入館ゲート前の右手に、スター〇ックスカフェがあるからだろう。
図書館内にカフェがある事自体、オレには驚愕の事実だ。
とはいえ、このカフェを頻繁に利用することはないと思う。
だって、値段が高ぇ。
オレには、ロー〇ンの百円コーヒーで十分だ。
入館ゲートの脇のカウンターの方へ歩いて行き、オレは受付の女性に声をかけた。
「すみませーん。ちょっと、お聞きしたいことがあるんですが……」
少し奥の方にいた女性が、若干、面倒クサそうな表情でこちらへ歩いてきた。
「はい。何でしょう?」
「ここの図書館を利用したいので、利用証の発行をお願いします」
そう言うと、女性はカウンターの隅に置いてあったA4サイズの「利用申請用紙」を取って、オレの前に差し出した。
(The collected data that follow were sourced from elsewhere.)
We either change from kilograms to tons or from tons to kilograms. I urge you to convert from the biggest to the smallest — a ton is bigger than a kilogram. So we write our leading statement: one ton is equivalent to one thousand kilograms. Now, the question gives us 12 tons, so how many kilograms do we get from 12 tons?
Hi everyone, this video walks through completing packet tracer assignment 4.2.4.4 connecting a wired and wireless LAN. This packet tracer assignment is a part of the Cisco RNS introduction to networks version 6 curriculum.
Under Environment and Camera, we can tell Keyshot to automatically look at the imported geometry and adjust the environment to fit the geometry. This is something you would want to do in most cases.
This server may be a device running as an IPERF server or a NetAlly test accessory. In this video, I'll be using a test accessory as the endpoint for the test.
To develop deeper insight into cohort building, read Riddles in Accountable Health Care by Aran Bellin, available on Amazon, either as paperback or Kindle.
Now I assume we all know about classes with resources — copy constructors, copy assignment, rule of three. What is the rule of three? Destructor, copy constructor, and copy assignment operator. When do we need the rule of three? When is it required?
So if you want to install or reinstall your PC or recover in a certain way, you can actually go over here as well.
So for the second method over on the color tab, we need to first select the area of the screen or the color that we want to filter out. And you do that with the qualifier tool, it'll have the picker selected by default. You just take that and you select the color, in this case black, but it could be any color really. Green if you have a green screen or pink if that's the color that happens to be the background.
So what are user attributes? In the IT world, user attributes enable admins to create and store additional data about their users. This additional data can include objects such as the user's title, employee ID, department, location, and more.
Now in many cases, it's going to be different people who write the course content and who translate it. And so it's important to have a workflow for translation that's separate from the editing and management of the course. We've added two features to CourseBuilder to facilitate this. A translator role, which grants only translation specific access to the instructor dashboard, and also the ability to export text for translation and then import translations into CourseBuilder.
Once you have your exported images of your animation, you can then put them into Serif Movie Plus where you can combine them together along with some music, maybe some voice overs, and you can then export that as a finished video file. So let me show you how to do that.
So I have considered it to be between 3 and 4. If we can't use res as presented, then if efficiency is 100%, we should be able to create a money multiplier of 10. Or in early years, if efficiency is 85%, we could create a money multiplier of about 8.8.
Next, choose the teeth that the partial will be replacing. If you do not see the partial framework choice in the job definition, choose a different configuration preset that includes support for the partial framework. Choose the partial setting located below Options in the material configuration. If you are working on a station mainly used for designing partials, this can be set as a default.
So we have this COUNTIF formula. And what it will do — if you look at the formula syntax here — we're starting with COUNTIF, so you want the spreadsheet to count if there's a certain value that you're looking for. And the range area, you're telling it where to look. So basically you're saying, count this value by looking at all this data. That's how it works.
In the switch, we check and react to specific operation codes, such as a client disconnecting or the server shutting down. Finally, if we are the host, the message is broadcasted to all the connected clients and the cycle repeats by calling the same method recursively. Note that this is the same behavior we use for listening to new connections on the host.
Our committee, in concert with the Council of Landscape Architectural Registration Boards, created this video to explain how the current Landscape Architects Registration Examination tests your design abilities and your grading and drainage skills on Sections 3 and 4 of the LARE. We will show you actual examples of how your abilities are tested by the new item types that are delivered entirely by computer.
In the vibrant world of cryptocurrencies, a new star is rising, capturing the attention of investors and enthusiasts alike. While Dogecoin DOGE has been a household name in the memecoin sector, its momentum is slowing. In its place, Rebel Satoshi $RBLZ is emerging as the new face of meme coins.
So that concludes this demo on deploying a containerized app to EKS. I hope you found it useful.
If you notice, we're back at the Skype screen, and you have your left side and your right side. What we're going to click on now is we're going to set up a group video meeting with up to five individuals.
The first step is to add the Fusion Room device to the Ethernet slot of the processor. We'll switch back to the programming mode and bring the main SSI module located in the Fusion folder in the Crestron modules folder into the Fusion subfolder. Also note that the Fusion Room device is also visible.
「では、これに必要事項を記入して提出してください。……それから、身分証明書などは、本日、お持ちですか?」
「えっと……。おお、あった。あった」
そう言って、オレは鞄のなかから健康保険証を取り出して見せる。
「保険証を持ってきました」
すると、女性はオレにボールペンを差し出して「利用申請書」への記入を促した。
オレは、住所、氏名、電話番号などを記入していく。
そして、最後の記入欄に戸惑った。例のアレだ。
「あ、あの、この『研究テーマ』って、何をどう書けばいいんですか?」
と、女性に尋ねた。
「研究テーマや、調査テーマのない本館の利用はお断りしております。出来るだけ具体的に記入してください」
「……」
どうしよう? 研究テーマ? 困ったな……。
う、ウソを書くワケにもいかないし……。
額に脂汗が滲んできた。
すると、女性はオレの方に顔を近づけてコソッと囁いた。
「別に何でもいいんですよ。勉強したい科目があるなら、その一部をそれらしく記入すればいいんです」
オレは、大袈裟に考えていたようだ。「研究テーマ」というから、もっと仰々しいモノを想像していた。
「か、『貸金業法の研究』とかでもいいですか?」
おそるおそる尋ねてみる。女性はクスッと笑って答えた。
「いいと思いますよ」
なんとっ! とりあえず、テーマがはっきりしていれば良いみたいだ。
それを聞いて安心したオレは、「研究テーマ」の欄に『貸金業法における総量規制の研究』と余計な単語まで付け足して記入した。
そして、女性に利用申請書と身分証明書を提示する。
「では、利用申請書と身分証明書をお預かりしますね。すぐにお返しいたしますので、しばらくお待ちください」
彼女は奥の部屋へと入って行った。
しばらくすると彼女がまたオレの方に来て「お待たせしました」と、健康保険証を返してくれた。
「利用証のお渡しは、当館でおこないますので、来週、またお越しください」
……どうやら、その場ですぐに利用証をもらえるワケではないらしい。
オレは、とりあえず「ありがとうございました」と言って、図書館を出た。
利用申請したはいいものの、今日は、どうしよう?
困ったな。
仕方がないので、不老大の構内をしばらく散歩することにした。
オレの母校と違い、不老大の大学構内はちょっと不思議なカンジだ。
普通の学生や教職員はもちろん、その他にも家族連れ、留学生もたくさん歩いている。図書館の前で、ハト・スズメにエサをやっている人もいた。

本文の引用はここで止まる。